# GSA, but PO4 is good!



## BigChuckP (Oct 8, 2005)

I have learned a ton from this site in the past couple months and have finally had success! After I set up my tank I had lots of brown algae which I attacked vigorously, mixed in with the brown algae was some GSA. I tried scrubbing it off of my background but it didn't come off easily. I have a diy'd bg and I don't want to scrub too hard because then I will scrub off chunks of my bg. Now the brown algae is completely gone yet the GSA has spread. The strange thing about this is when I set the tank up my PO4 was through the roof, +10ppm, I have it under control now 1 - 2 ppm (Calibrated test kit). So how is it GSA grew when my PO4 was high and remains when my PO4 is within the target range?
Tank Specs:
38 gallon
96 watts of PC, 7200K
EI dosing
KH2PO4 - 1.94 ppm per week
KNO3 - 20 ppm 
K2SO4 - Just discovered I am dosing only 10ppm, thought I was dosing 20ppm, error in calculation
Fe - .15 ppm per week
CSM+B - 9 ml 4 X per week
Injected CO2, turned up until fish was breathing at the surface and then tuned down a little, plants pearling nicely
4ml of excel per day, fighting some BBA spot treatment style.

Thank you for any help!


----------



## Laith (Sep 4, 2004)

I'd say that you don't have enough plant mass. Add more and see if that helps after a couple of weeks.

And off the subject, but a pet peeve of mine (  ), tanks with a rim should always be filled to at least the rim level. Preferably above it...

Looks *alot* better that way!


----------



## BigChuckP (Oct 8, 2005)

Laith said:


> I'd say that you don't have enough plant mass. Add more and see if that helps after a couple of weeks.
> 
> And off the subject, but a pet peeve of mine (  ), tanks with a rim should always be filled to at least the rim level. Preferably above it...
> 
> Looks *alot* better that way!


I'll get some more plants, The back looks empty because my jungle vals aren't growing that fast  
The water level thing bothers me too, the water evaporates really fast from my tank and I'm just plain sick of adding more water to my tank to keep it above the rim.
Thanks for the reply


----------



## titan97 (Feb 14, 2005)

I find that I get GSA when a couple of things happen:

1: Poor water movement. Whem my filters get clogged and my water flow suffers, i see more of it.
2: Low PO4. I keep my PO4 higher than most, above 4ppm on a LaMotte kit. When I forget to dose for a couple of days, the GSA starts back up again.
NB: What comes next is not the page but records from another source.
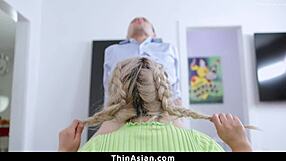 Gyönyörű Sofia Su-t keményen megdúgja a perverz szomszéd intenzív ázsiai jelenetben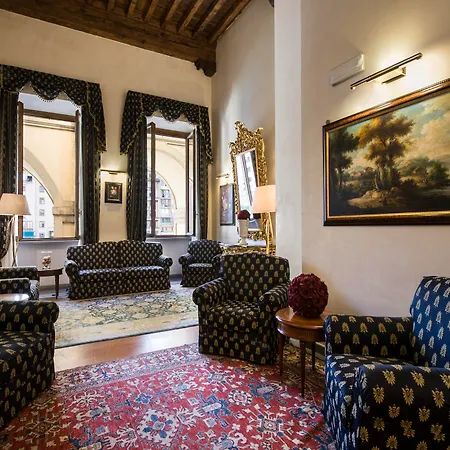 Degli Orafi 4* Florence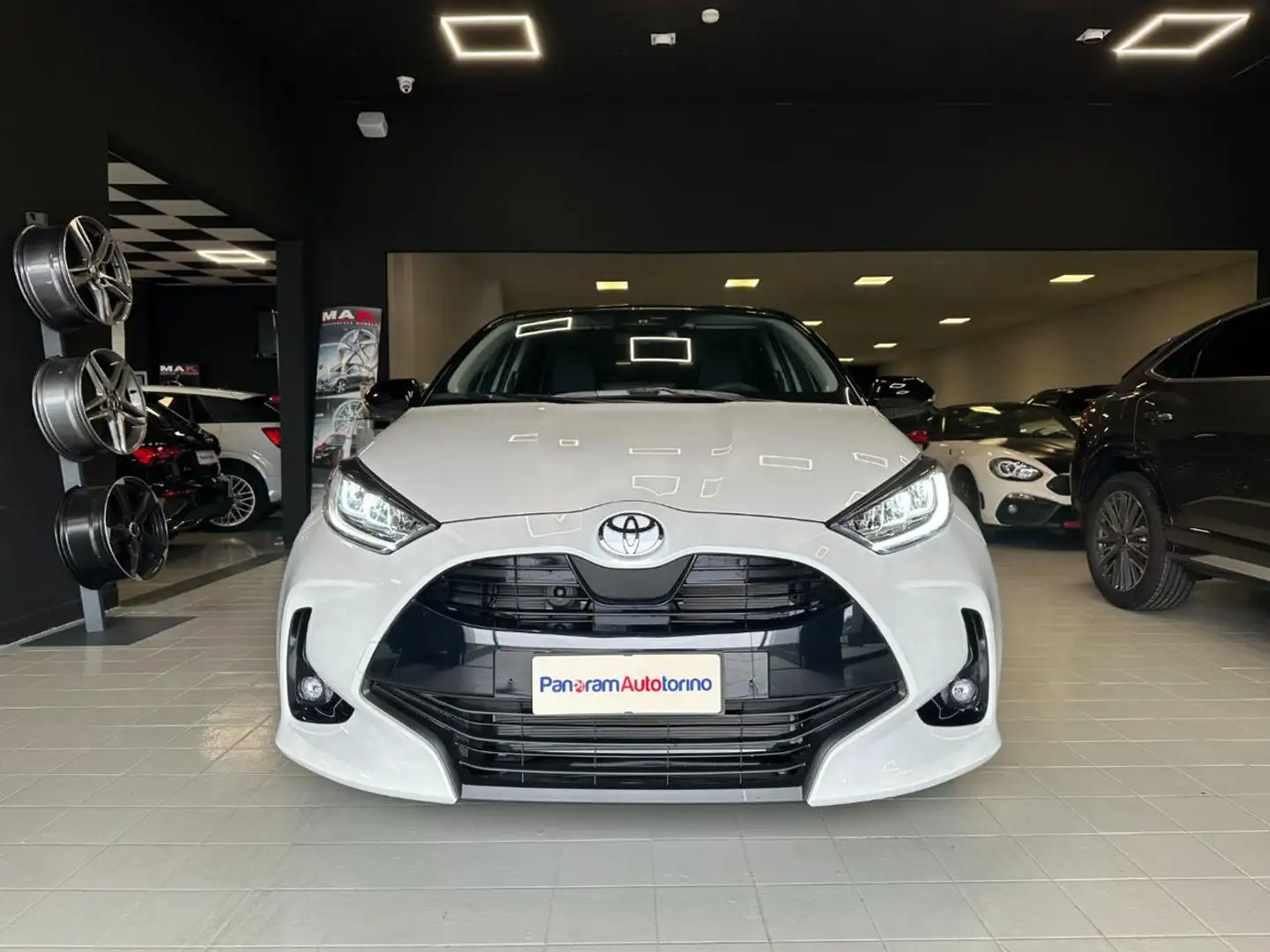 Toyota Yaris 1.5 Hybrid 5 porte Trend Bianco - 2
Other than that, I've found that it never really goes away unless you manually remove it. In may case, minimizing GSA is more of a preventative-type thing, than a after-the-fact corrective action. An ounce of prevention is worth a pound of cure, I suppose.

-Dustin


----------



## BigChuckP (Oct 8, 2005)

titan97 said:


> I find that I get GSA when a couple of things happen:
> 
> 1: Poor water movement. Whem my filters get clogged and my water flow suffers, i see more of it.
> 2: Low PO4. I keep my PO4 higher than most, above 4ppm on a LaMotte kit. When I forget to dose for a couple of days, the GSA starts back up again.
> ...


I feel like I have good water movement with a fluval4 and a powerhead that is pretty strong for my brandtii. I'll clean out the filter just for precaution and try going with 4ppm of PO4. Tomorrow is a WC day so I'll take care of all that then as well as order some more plants.


----------



## Simpte 27 (Jul 16, 2004)

If PO4 is good, the next culprit is CO2.


----------



## yildirim (Nov 25, 2004)

Hi,

GSA is a real pain when it once occured. It requires longer terms than any other algea to see development once you start to change some parameters. In past I had the same problem and made continuous tests trying to keep PO4 levels ad 1.5-2 ppm. But it didn't make any change and GSA was winning. Later (1 year ago) I suggested that whether test kits are not reliable enough or the target value of 1-2 ppm does not apply to all tanks. I went with the second suggestion and tried to increase PO4 gradualy. Currently I dose 1.5-2 ppm of PO4 daily to have a PO4 reading of app. 5 ppm. I never let it drop to 4ppm. In two months time I ıncreased PO4 from 1,5 to 4.5-5 ppm and there I noticed a slowing in the GSA and since then I'm going with the same dosage. Also having less plants increases the occurance of all types of algea as well as GSA, so increasing the plant amount is also a good idea. But you have to keep in mind that increasing PO4 alone may cause crushes on other nutrients. They might as well require to be increased and the CO2 of course.

YILDIRIM


----------